Il Consiglio Nazionale esprime un parere circa la decisione da assumere nei confronti di un eletto che non abbia rispettato la disciplina di gruppo in occasione di uno scrutinio in seduta pubblica o non ottemperi ai versamenti dovuti al Movimento per lo svolgimento delle attività associative o alla collettività, così come disciplinato dal presente Statuto e dal relativo Regolamento.

In più, due esponenti su tre del collegio (Fabiana Dadone e Barbara Floridia) sono nel governo.
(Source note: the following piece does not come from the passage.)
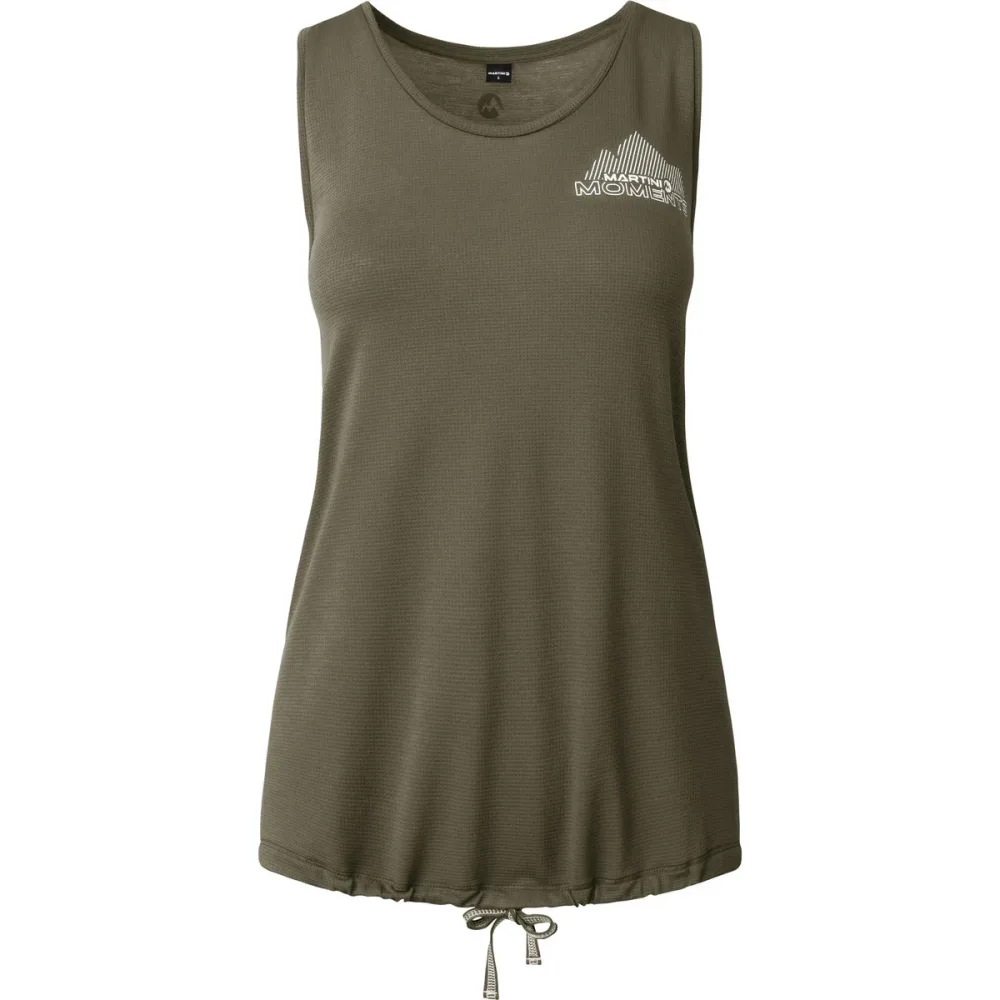 Martini Sportswear Damen Via Top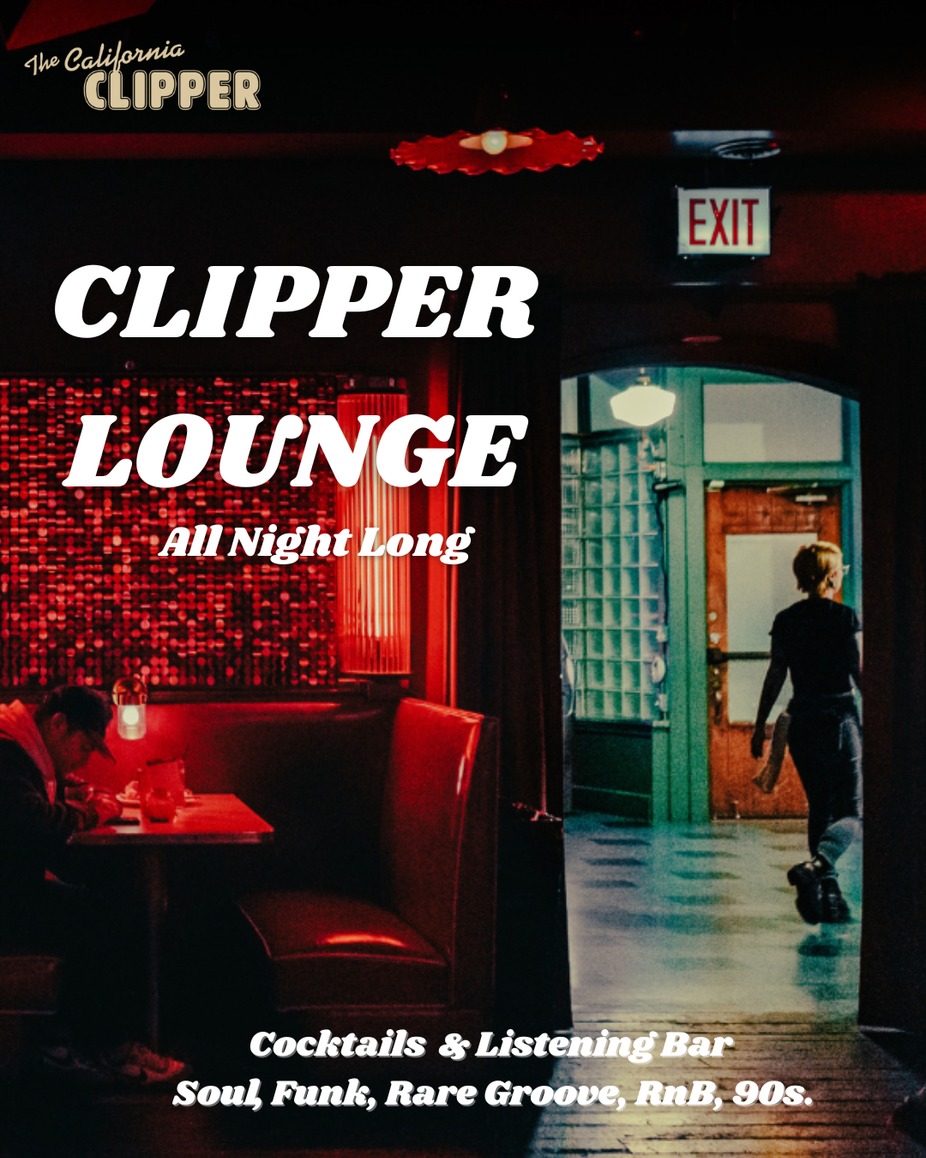 Clipper Lounge event photo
Mentre il terzo, Danilo Toninelli, da solo non potrebbe decidere nulla. E poi c’è il problema del Garante. I retroscena dei giornali dipingono un Beppe Grillo molto infastidito con Giuseppe Conte per l’ennesimo psicodramma scatenatosi all’interno del M5s. All’epoca dello scontro sul Quirinale Grillo tentò di mediare una pace tra i due, senza successo. Ora il rischio è che scenda in campo di persona con una nuova discesa su Roma in questa settimana. Finendo per farsi strattonare dalle due fazioni.

Cosa farà da grande Di Maio

Un accenno del clima interno si può trovare nell’intervista rilasciata da Paola Taverna a La Stampa: «Prima ancora di chiedere se Di Maio deve essere espulso, bisognerebbe chiedere a lui perché fa di tutto per uscire. Ha mentito sulla risoluzione, sapeva benissimo che era un testo vecchio e superato, eppure l’ha usata per attaccarci. Fa un danno enorme al Movimento e non offre nessun servizio al Paese. Per me è solo tattica: le sue critiche sono iniziate subito dopo l’annuncio di Giuseppe Conte di voler chiedere alla nostra base un voto per modificare o meno il limite dei due mandati».
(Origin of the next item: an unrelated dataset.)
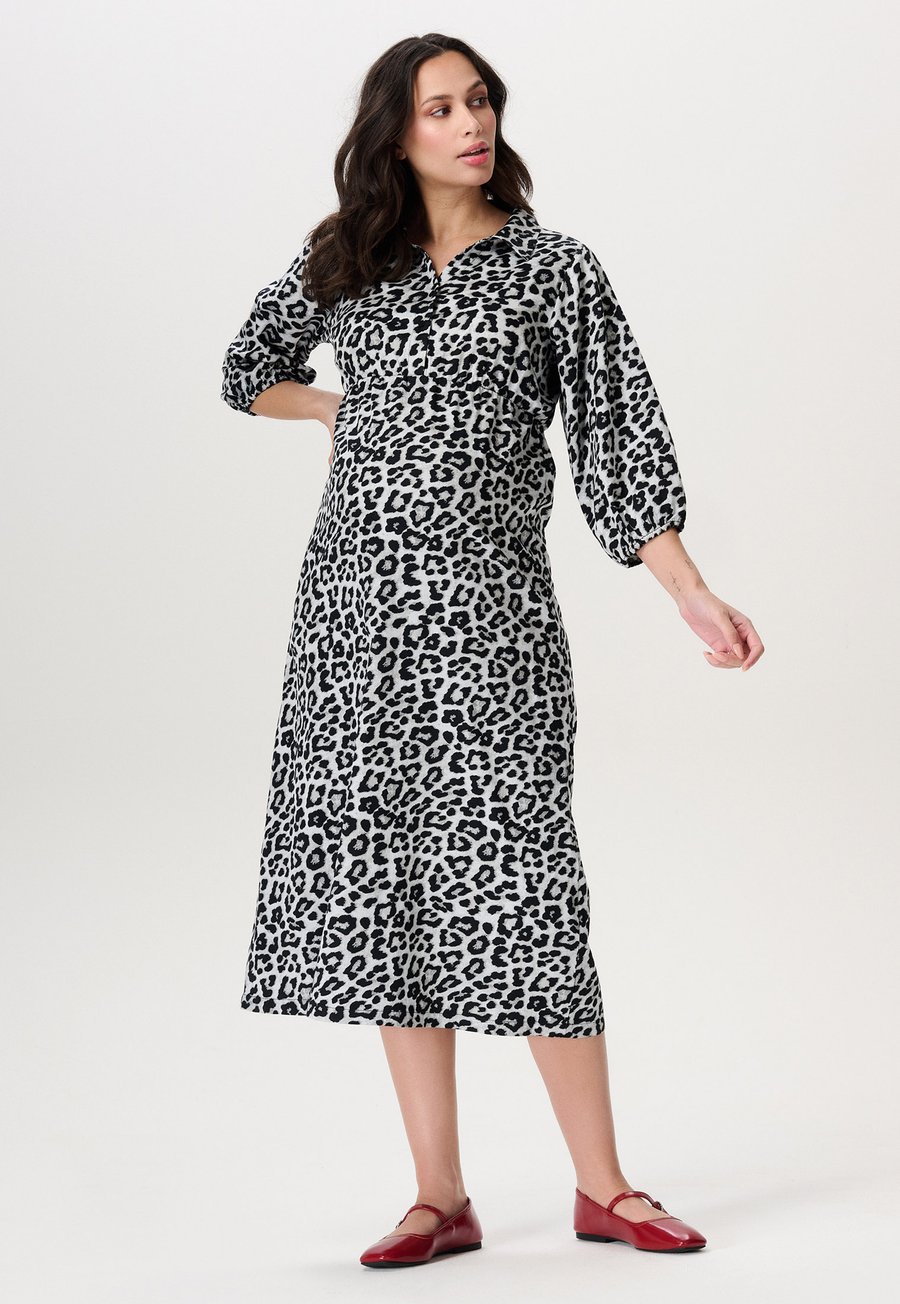 Платье Noppies PILAR, Allover Leopard/White
Платье Noppies PILAR, Allover Leopard/White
Intanto Di Maio aspetta. Sa che non può essere espulso perché una decisione del genere sarebbe difficile da giustificare, visto che ha espresso solo critiche politiche. Non si presterà al processo pubblico che vorrebbero alcuni grillini. Ma nel frattempo riflette su cosa fare da grande. E le opportunità non mancano. Anche se lui ha fatto sapere ai fedelissimi di non avere intenzione di fondare un nuovo partito né di entrare in uno che già esiste. Repubblica spiega però oggi che la sua prospettiva è più ampia. E parte dal presupposto che anche dopo le elezioni del 2023 rimarrà in campo Draghi. O lui o il suo metodo. Per questo ha aperto interlocuzioni con figure che potrebbero avere qualcosa in comune con lui. Una di queste è il sindaco di Milano Giuseppe Sala.

Sfogliare la margherita del Centro

Ma c’è anche l’ex primo cittadino di Parma Federico Pizzarotti. E ancora: Nardella (Firenze), Brugnaro (Venezia), Bonaccini (Emilia-Romagna). Persino Giovanni Toti, presidente della Liguria. Il piano, spiega Matteo Pucciarelli, procederà per tappe. Prima il distacco dal M5s, possibilmente senza che questo sia temporalmente legato alle decisioni sui due mandati. Poi la formazione di gruppi parlamentari o componenti. Per lanciare una proposta politico-elettorale in autunno. In coabitazione con il Partito Democratico, Azione di Carlo Calenda, i Verdi. Ma escludendo il M5s. Per questo avrà bisogno della sponda del segretario Enrico Letta. Che dovrà convincere a mollare Conte. Per La Stampa Di Maio è in contatto anche con molti ministri del governo Draghi: Brunetta, Carfagna, Giorgetti. E con gli esponenti di Coraggio Italia. Insieme potrebbero proporre un contenitore di centro. E il M5s? Potrebbe essere Grillo a decretare la fine dei giochi.